More than 60 percent of Haiti's annual food crop is planted in the season that begins in March, according to the FAO. To support this critical activity and help restore the island's quake-damaged food economy, the United Nations has requested member states to contribute $70 million to a special fund. But at a news conference earlier this week, FAO Director General Jacques Diouf said only a small fraction of that money has been pledged.

"At a time when Haiti is facing a major food crisis, we are alarmed by the lack of support for the agricultural sector component," he says. "With this level of support, the revival of the country's agricultural-base livelihoods cannot be ensured."

Rural demands


Demands on the country's agricultural base have increased sharply since mid-January because an estimated half-million people fled the ruined capital of Port-au-Prince for the countryside. Myra De Bruijn, with the charity group ActionAid, says Haitians were already having problems producing enough food before the quake.

"What is different now," says De Bruijn, "is that the population in some areas is five times more than the normal population. How can they cope with this pressure with the extra amount of people needing food?"

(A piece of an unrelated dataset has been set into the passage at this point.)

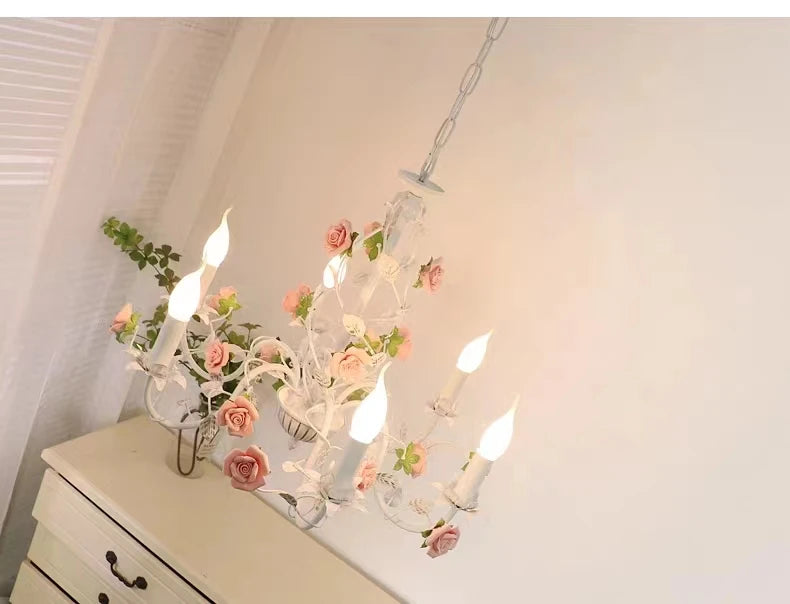 Bedroom Pastoral Rose French Chandelier Children's Room Wrought Iron Warm American Retro Princess Style Fresh Lamps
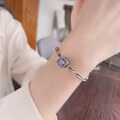 wholesale S925 Sterling Silver Geometric G Letter Clasp Heavy Work Bracelet with Unique Pattern and Colored Square Sugar Zirconia-0-3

De Bruijn says people's immediate need for food also threatens longer-term food supplies. Hungry people will likely eat seeds they would normally plant for the next crop. And money spent buying food today means less available to buy seeds for the March planting season.

Cash for work

Sabine Wilke with the aid group CARE notes that farmers need more than just seeds. "For the harvest and for planting, they also need local labor," she says. "And since they do not have enough money to hire people, the work will simply not be done."

She says crops won't get planted and workers won't earn money, quickening the downward spiral of hunger and poverty.

CARE and the FAO are running a small cash-for-work program in the town of Leogane which is at the epicenter of the earthquake. The program will employ about 4,000 people who will clear debris from essential roads and irrigation canals, putting cash in some people's pockets while restoring essential farming infrastructure.

A number of groups are working with local organizations to distribute seeds and tools to needy farmers. But the needs are tremendous in a country where more than half the people were malnourished even before the earthquake.